The ministers appointed from this time were:
- Rev John Fleming Moran, 1872–1891
- Rev Cecil John King, 1891–1927
- Rev Thomas Giles Paul, 1927–1943
- Rev Alfred Henry Kirk, 1944–1968
- Rev James Barry Burgess, 1968–1975
- Rev Alan Reginald Patrick, 1976–1988
- Rev Trevor William Edwards, 1989–1996
- Rev Steven John Davis, 1996–2000
- Rev Anthony Victor Galea, 2001–2021
- Rev Matthew James Stedman, 2022–present

====Modifications====
A critique of the completed St John's at the time of its consecration was that its chancel was too short for the preferred liturgy of the day as encouraged by the Tractarian movement. This movement required long chancels that could accommodate a choir and in which the raised altar was the focus of the congregation. This lack must have been felt by the congregation over the early years of the church's operation as in 1857 Sir William Macarthur decided to acquire plans for a chancel extension and vestry. Consequently, during his visit to Europe between 1855 and 1857 as commissioner of the NSW contingent to the Paris International Exhibition he commissioned the famous English Gothic Revival architect, Sir George Gilbert Scott to provide a design. It apparently took some time for Scott to supply these plans and it appears that in the meantime Edmund Blacket was also commissioned to provide a design. No action seems to have been taken to implement either of these designs over the following years until the death of James Macarthur in April 1867 that led to a desire by the congregation to install a fitting memorial in the church for the life of the gentleman who had been instrumental in its establishment and early management. The congregation, organised by Rev. Tingcombe, resolved to erect a memorial window, enlarge the chancel, and complete the church in honour of James Macarthur. They organised a subscription fund, "the Macarthur Memorial Fund", in which the friends and Macarthur relatives could contribute funds towards this memorial. Later in 1867, a grand stained-glass window was commissioned from Clayton and Bell. However, when it became time to implement the chancel enlargement, William and the rector, Rev. Tingcombe disagreed about which plan to use. William preferred Scott's and Tingcombe preferred Blacket's. This disagreement continued to at least 1872 before a compromise was reached and a mix of Scott's and Blacket's work was used. The separate vestry design that was implemented is thought to be Blacket's work.

Construction work on the chancel extension and vestry commenced post-1872 with the bricks being sourced from the demolition of Thompson's former steam flour mill and store that was constructed, c. 1843. Work on the extension was completed in 1874, and on 13 June 1875 the chancel extension with its window memorial to James Macarthur was finally opened by the Lord Bishop of Sydney.
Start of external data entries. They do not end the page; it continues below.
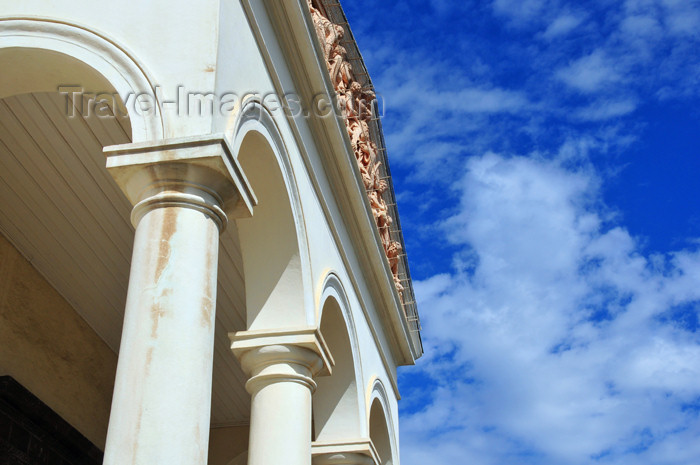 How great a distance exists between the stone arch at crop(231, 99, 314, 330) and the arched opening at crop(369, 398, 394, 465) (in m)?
4.67

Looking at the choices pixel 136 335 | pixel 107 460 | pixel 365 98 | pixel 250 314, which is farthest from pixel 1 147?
pixel 365 98

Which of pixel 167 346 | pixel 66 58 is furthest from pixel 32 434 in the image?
pixel 167 346

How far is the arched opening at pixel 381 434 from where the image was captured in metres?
11.9

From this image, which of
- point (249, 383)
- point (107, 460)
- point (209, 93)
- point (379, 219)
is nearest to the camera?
point (107, 460)

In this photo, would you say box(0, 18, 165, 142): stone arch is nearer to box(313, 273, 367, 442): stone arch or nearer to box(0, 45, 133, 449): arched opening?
box(0, 45, 133, 449): arched opening

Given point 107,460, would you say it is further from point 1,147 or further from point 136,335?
point 1,147

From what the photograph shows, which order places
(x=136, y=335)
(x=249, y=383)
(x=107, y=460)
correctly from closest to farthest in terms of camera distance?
(x=107, y=460), (x=136, y=335), (x=249, y=383)

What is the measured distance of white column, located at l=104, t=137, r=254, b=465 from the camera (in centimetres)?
449

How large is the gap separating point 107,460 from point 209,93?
234 cm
Soon after the completion of St John's the need was identified for improved educational facilities in the budding township of Camden. Consequently, in 1850 a denominational school was founded on the eastern corner of the church lot, adjacent the intersection of Hill and Broughton streets. Funding was granted from the Denominational School Board for the school and the trustees of the local board, George Macleay, Rev. Edward Rodgers, and John Oxley sought about seeing to its construction. The foundation stone was laid by Bishop Broughton on 1 July 1850, and tenders for the construction were called in February 1851. The neat brick school remained in use until it was closed in 1879 after the establishment of the Camden Public School. The building was retained by the church for the next 25 years before its worsening condition prompted the parish to sell it and 0.43 ha of surrounding land in December 1906. Both the condition of the building and the need to raise funds to construct a new Church Hall appear to have played a part in prompting the sale of this corner of the original 1841 land grant for the church.
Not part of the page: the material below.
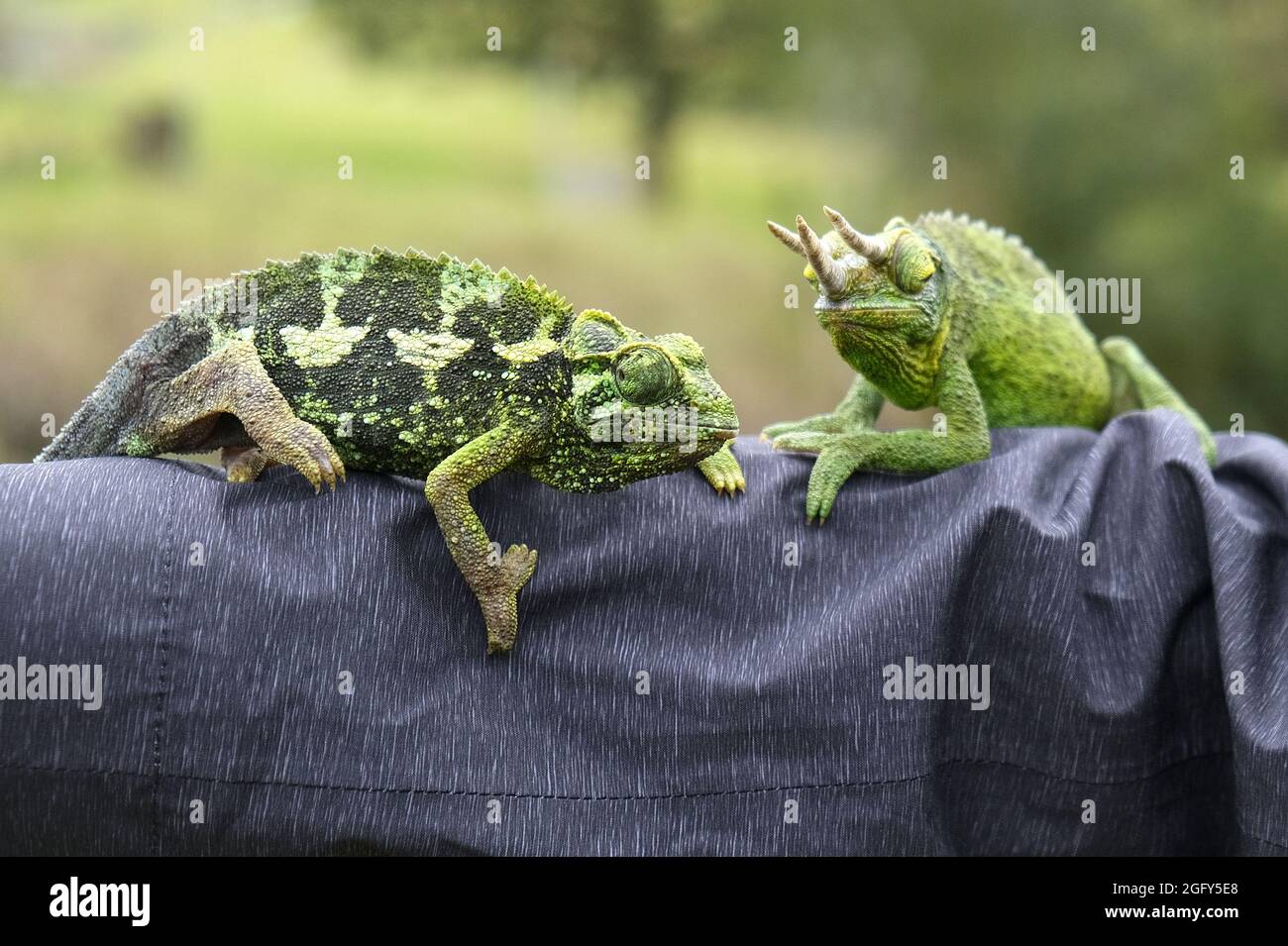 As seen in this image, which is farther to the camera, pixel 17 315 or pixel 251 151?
pixel 251 151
The need for a rectory at St John's was alleviated in 1859 with the construction of a brick rectory with stables and coach house. James and William Macarthur donated the A£1,000 for the construction of these building on lands belonging to the Camden Park Estate. As Rev. Tingcombe was the Rector of the church at this time and he became the first occupant of the new rectory it has been speculated that Blacket was the architect for this building. This is because these gentlemen are known to have been associates and in later times were involved in the design of the chancel extension. The rectory consisted of a substantial Georgian style two-storey brick building with six-pane windows and shutters, as well as a front verandah. The Macarthurs appear to have seen to the upkeep of the rectory throughout the remainder of the nineteenth century and continued to manage the surrounding land as part of the estate. It appears that they permitted some of the surrounding land to be used for glebe purposes by the rectors.
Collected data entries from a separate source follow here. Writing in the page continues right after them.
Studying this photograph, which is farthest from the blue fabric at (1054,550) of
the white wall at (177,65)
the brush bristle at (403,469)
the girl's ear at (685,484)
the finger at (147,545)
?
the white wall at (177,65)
In 1861 a new organ, specially constructed by Bates and Sons of Ludgate Hill, London, was presented to the church on the behalf of Emily Macarthur (who was in London at the time) to replace an older harmonium that was not of the best quality. Theodore Charles Bates was a well-known London builder of small finger and barrel organs. He operated from about 1812 to 1864 on his own, in partnership with others, and in partnerships with his son. A new gallery was constructed at the west end of St John's in 1861 to accommodate this new organ. This gallery was designed by Blacket and the organ was fitted by 21 July 1861.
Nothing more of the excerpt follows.